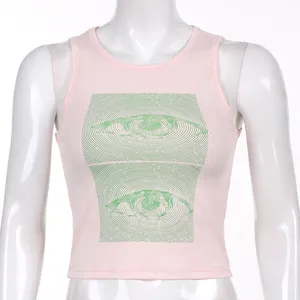 Pink crop top with green abstract eye graphic, sleeveless slim fit casual streetwear style.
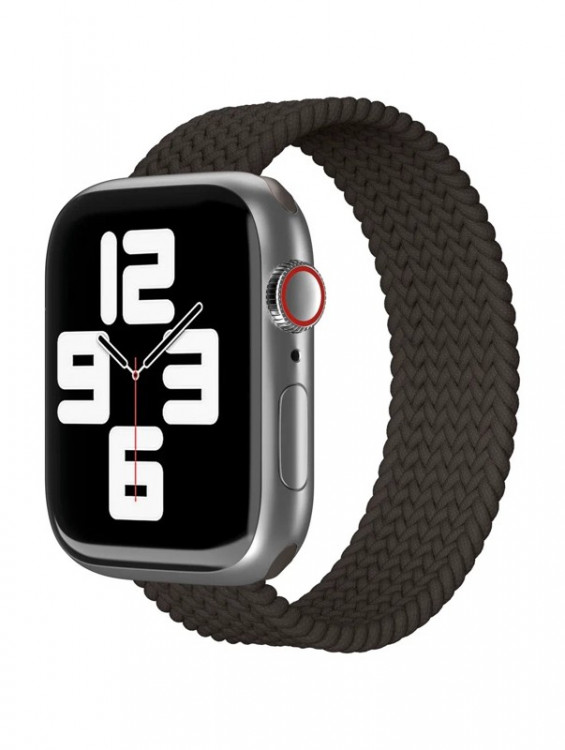 Ремешок нейлоновый плетёный VLP для Apple Watch 38/40/41 L/XL чёрный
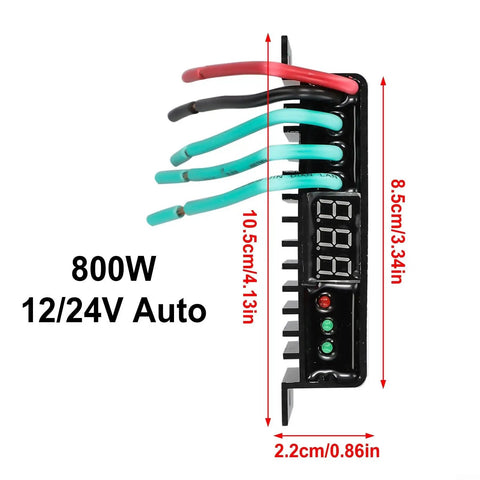 MPPT Wind Turbine Controller 500W 800W IP67 Waterproof Charge Controller side view with dimensions and wiring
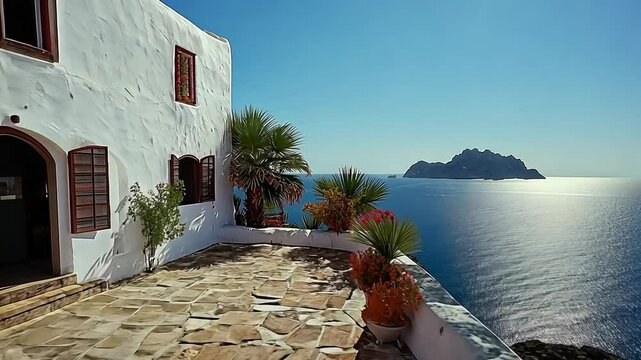 Villa with pool by the sea with amazing views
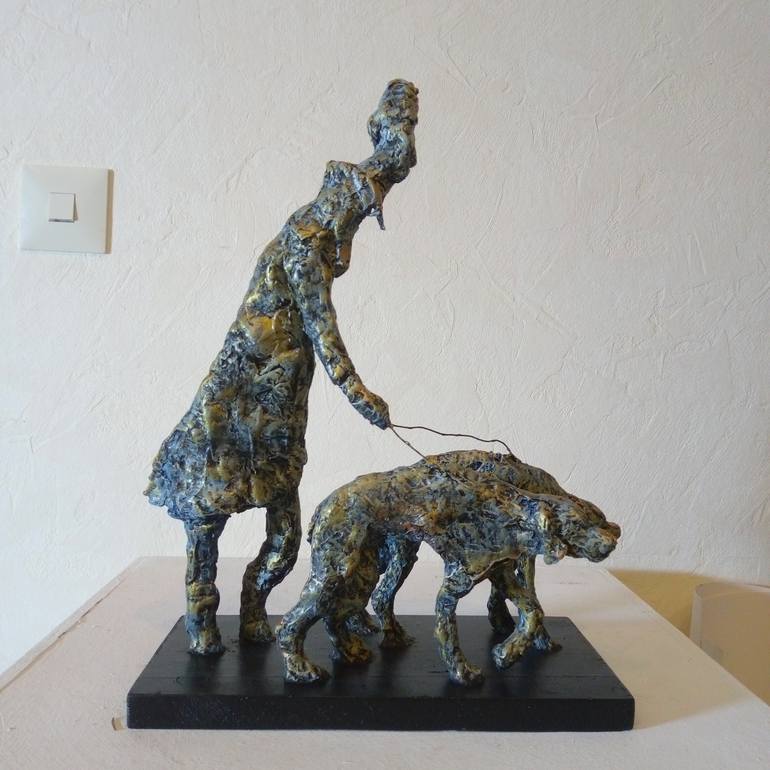 Original Dogs Sculpture by Anna Ro
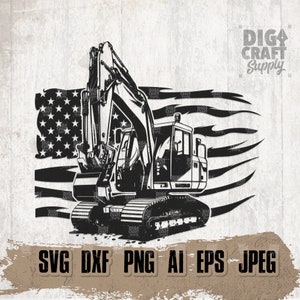US Excavator svg, Heavy Equipment Stencil, USA Contractor Dad Gift Idea Cutfile, Construction Machinery Shirt png, Machine Operator Clipart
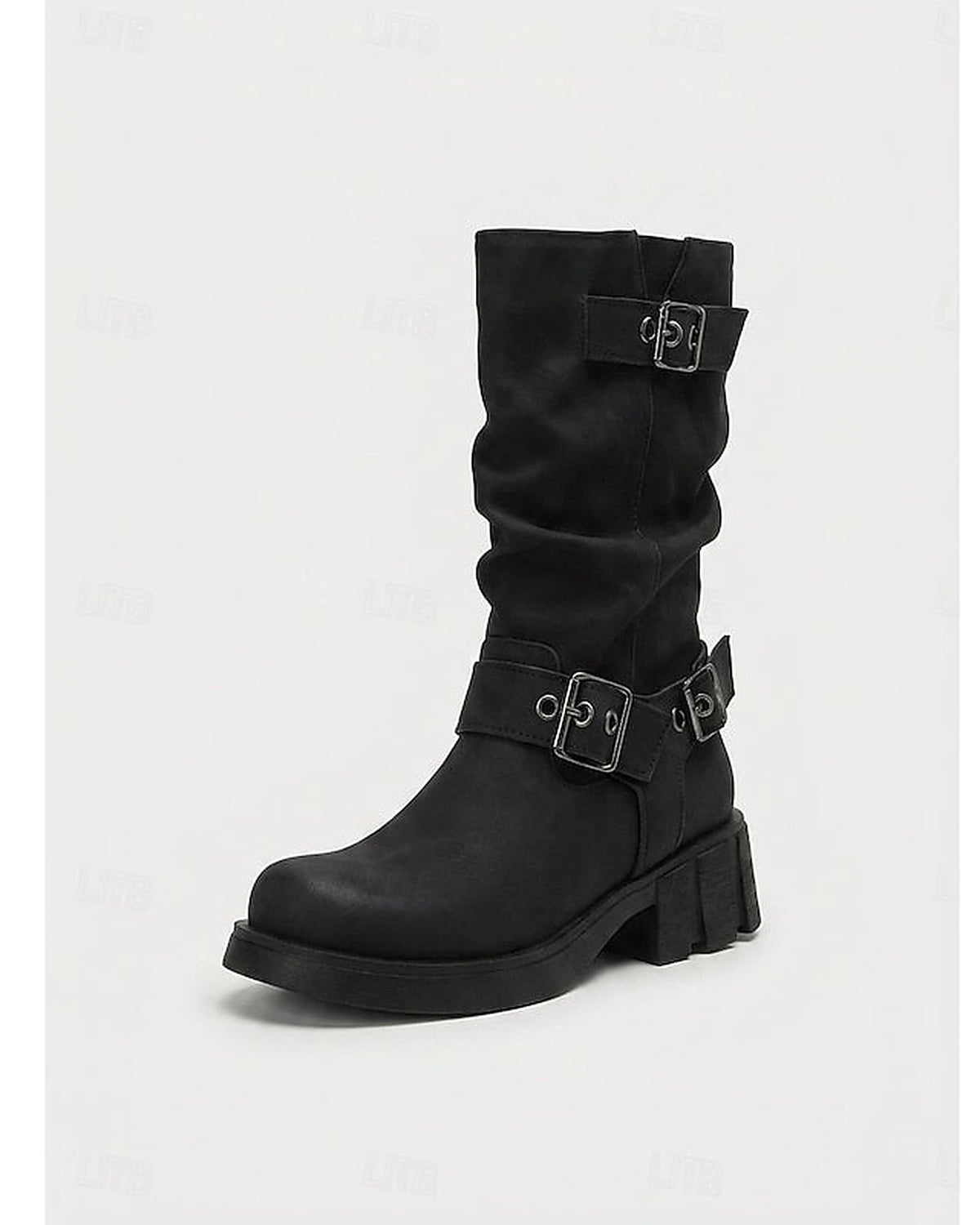 Women's Slouchy Mid-Calf Biker Boots with Buckle Straps – Gwen Jane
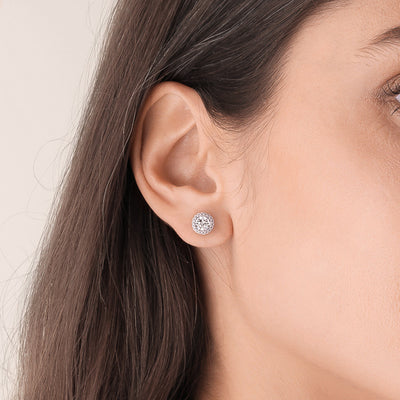 Cubic zirconia halo stud earrings
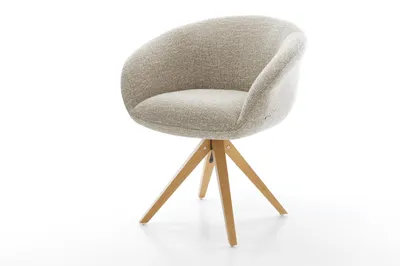Produktbild von DELIFE Drehstuhl Vinka-Flex mit Armlehnen Webstoff Soft Beige Holzgestell kantig Natur 360° drehbar Taschenfederkern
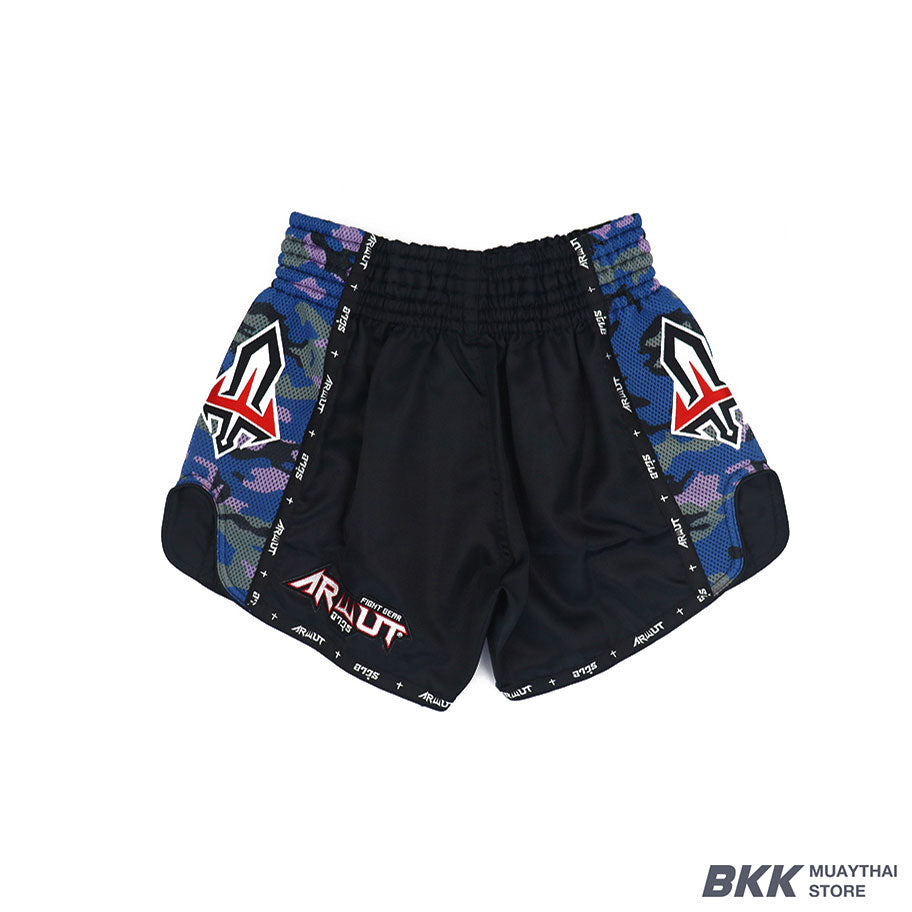 ARWUT [BS2] Camo Edition Muay Thai Shorts "Black/Blue"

→ **EXERCISE DIRECTIONS**: The records need to be restated word for word, minus any images.

→ **ANSWER TO THE EXERCISE**:
 Pink crop top with green abstract eye graphic, sleeveless slim fit casual streetwear style.
 Ремешок нейлоновый плетёный VLP для Apple Watch 38/40/41 L/XL чёрный
 MPPT Wind Turbine Controller 500W 800W IP67 Waterproof Charge Controller side view with dimensions and wiring
 Villa with pool by the sea with amazing views
 Original Dogs Sculpture by Anna Ro
US Excavator svg, Heavy Equipment Stencil, USA Contractor Dad Gift Idea Cutfile, Construction Machinery Shirt png, Machine Operator Clipart
 Women's Slouchy Mid-Calf Biker Boots with Buckle Straps – Gwen Jane
 Cubic zirconia halo stud earrings
Produktbild von DELIFE Drehstuhl Vinka-Flex mit Armlehnen Webstoff Soft Beige Holzgestell kantig Natur 360° drehbar Taschenfederkern
 ARWUT [BS2] Camo Edition Muay Thai Shorts "Black/Blue"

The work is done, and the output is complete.